**Material provided**
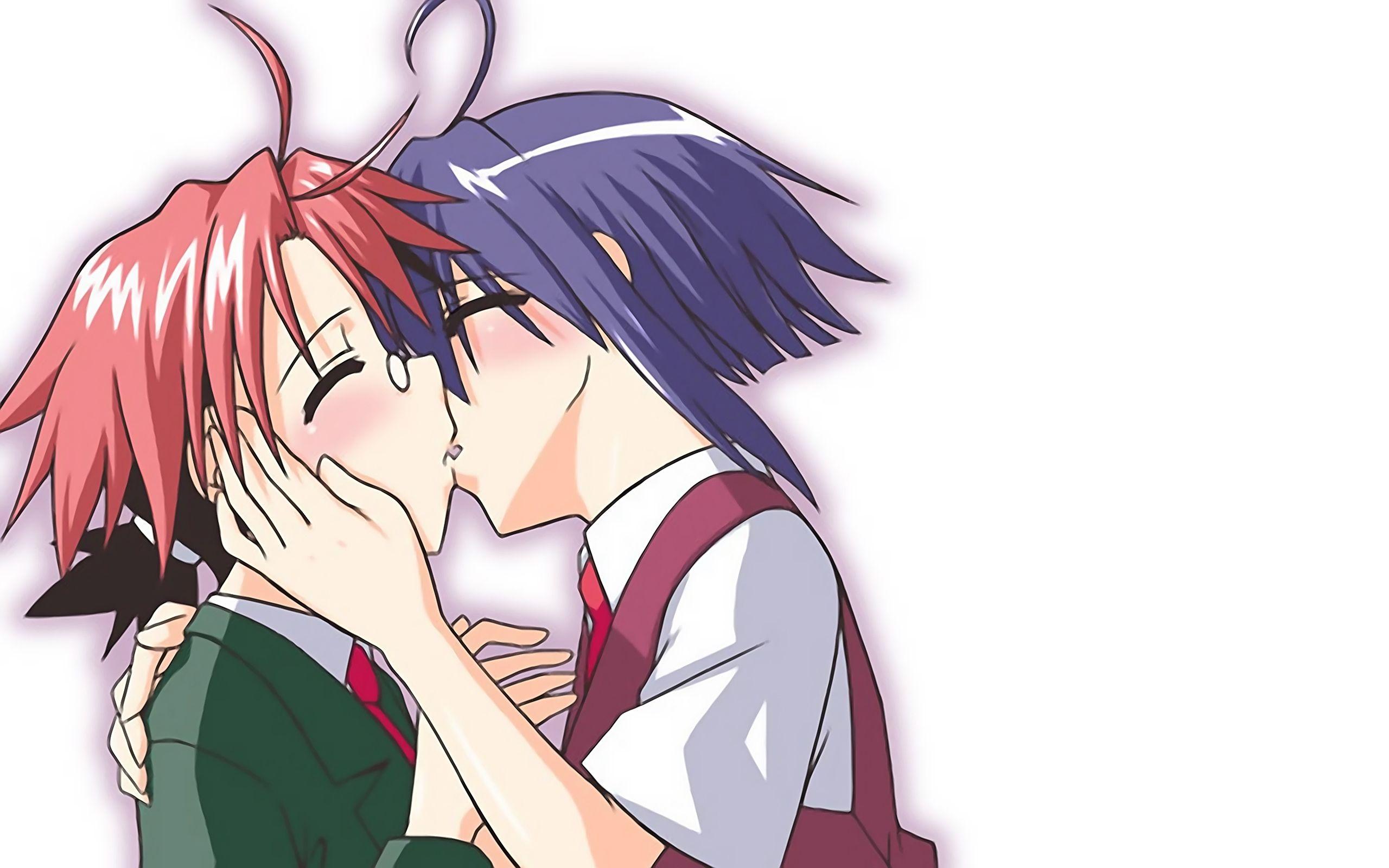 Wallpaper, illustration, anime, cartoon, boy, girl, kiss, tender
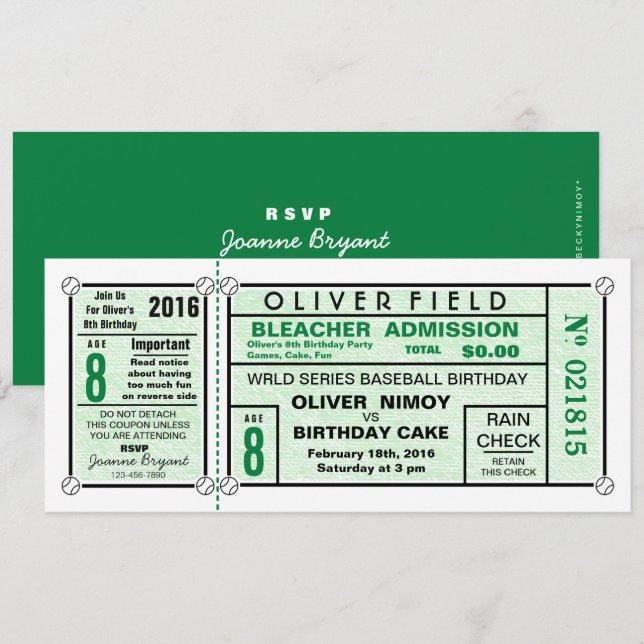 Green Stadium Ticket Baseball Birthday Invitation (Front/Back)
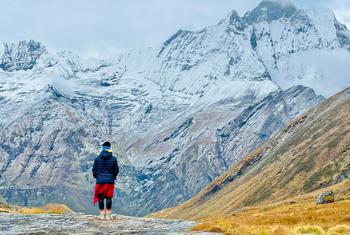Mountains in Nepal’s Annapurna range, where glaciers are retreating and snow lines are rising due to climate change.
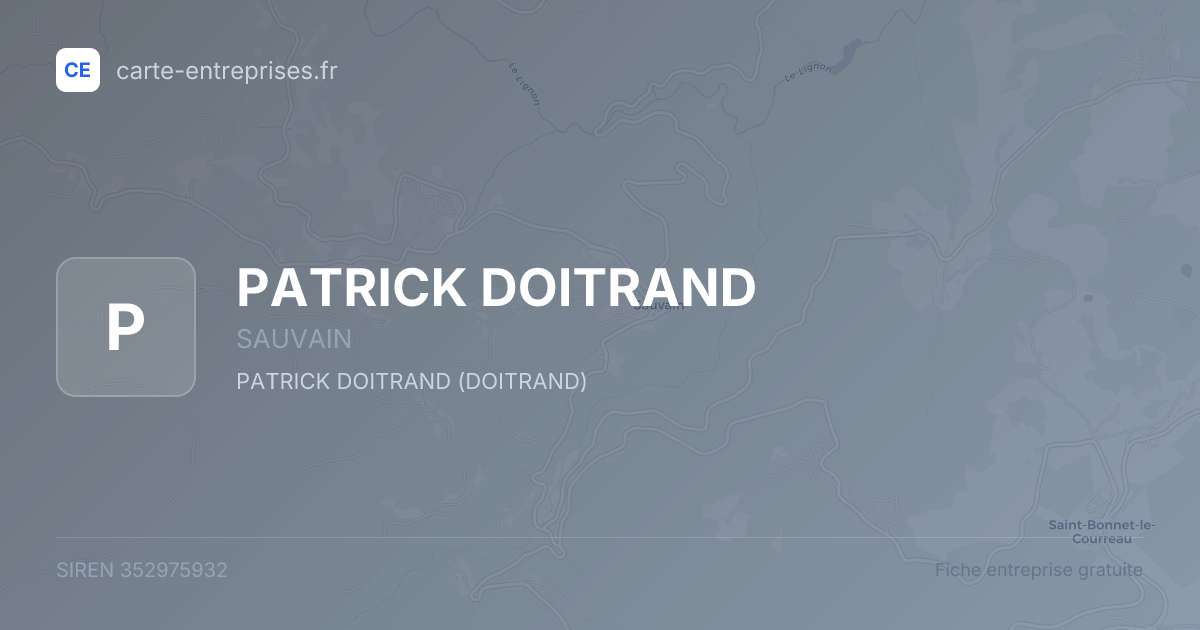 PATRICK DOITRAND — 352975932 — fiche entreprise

**Work order**
Any picture in the data is to be skipped, while each line is returned exactly as written.

**Reply**
 Wallpaper, illustration, anime, cartoon, boy, girl, kiss, tender
 Green Stadium Ticket Baseball Birthday Invitation (Front/Back)
Mountains in Nepal’s Annapurna range, where glaciers are retreating and snow lines are rising due to climate change.
 PATRICK DOITRAND — 352975932 — fiche entreprise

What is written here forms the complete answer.